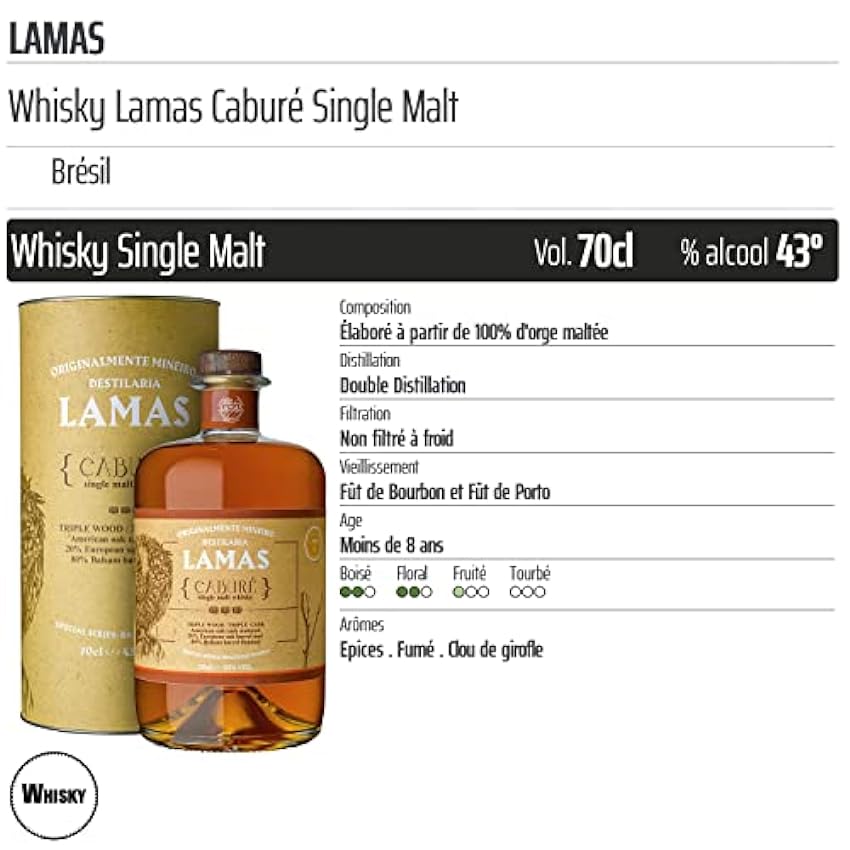 Whisky Lamas Caburé Single Malt - Origine Brésil - 70cl kVGfGxIJ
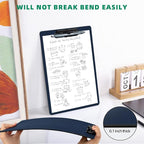 Blue Clipboard with Pen Holder, 2 Pack Plastic Clipboard with Low Profile Metal Clip, Hanging Clip Boards Holds 8.5x11 Inch Papers, Standard A4 Letter Size Clip Boards for Office & School
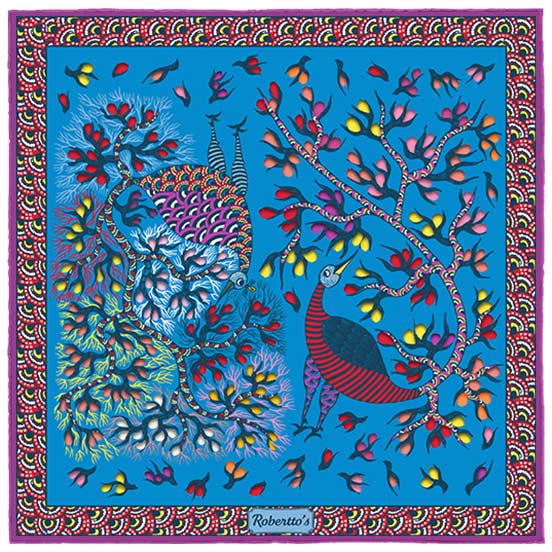 Pavo &amp; Folia Turquoise Pocket Square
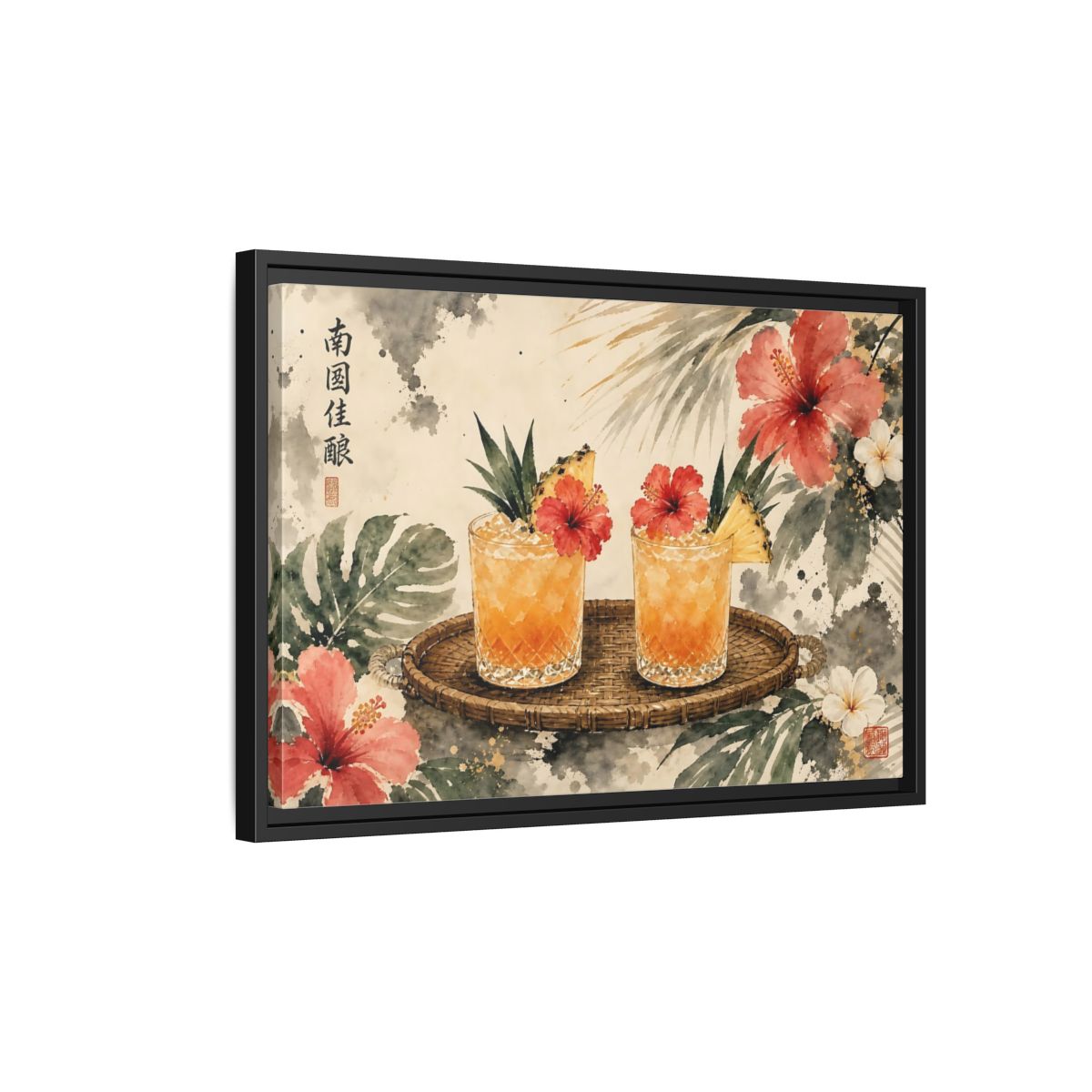 Side Mockup 3. Nature Tropical Drinks Tropical Drinks Orange shown as stretched canvas wall art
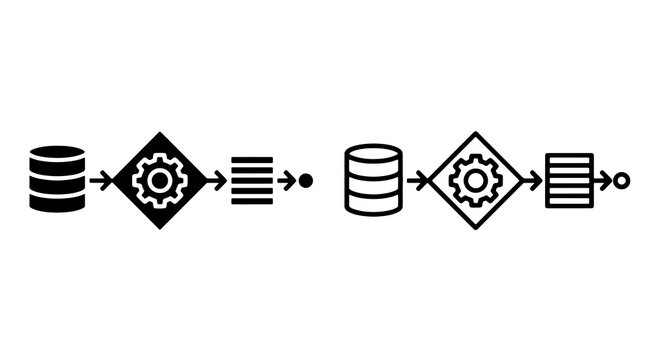 Data processing vector icon set with database and workflow symbols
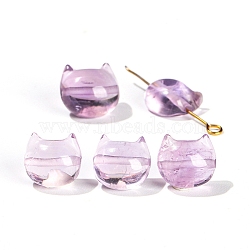 Natural Amethyst Faceless Cat Head Beads, 10~15mm(PW-WGB8F95-01)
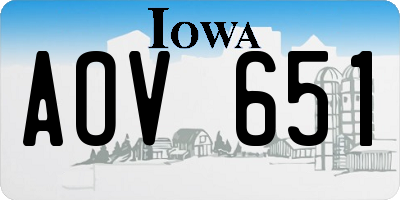 IA license plate AOV651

=-=-=

● Aim of the task
Each entry above should be printed again word for word, with any picture dropped.

● Written response
 Whisky Lamas Caburé Single Malt - Origine Brésil - 70cl kVGfGxIJ
 Blue Clipboard with Pen Holder, 2 Pack Plastic Clipboard with Low Profile Metal Clip, Hanging Clip Boards Holds 8.5x11 Inch Papers, Standard A4 Letter Size Clip Boards for Office & School
 Pavo &amp; Folia Turquoise Pocket Square
 Side Mockup 3. Nature Tropical Drinks Tropical Drinks Orange shown as stretched canvas wall art
 Data processing vector icon set with database and workflow symbols
 Natural Amethyst Faceless Cat Head Beads, 10~15mm(PW-WGB8F95-01)
 IA license plate AOV651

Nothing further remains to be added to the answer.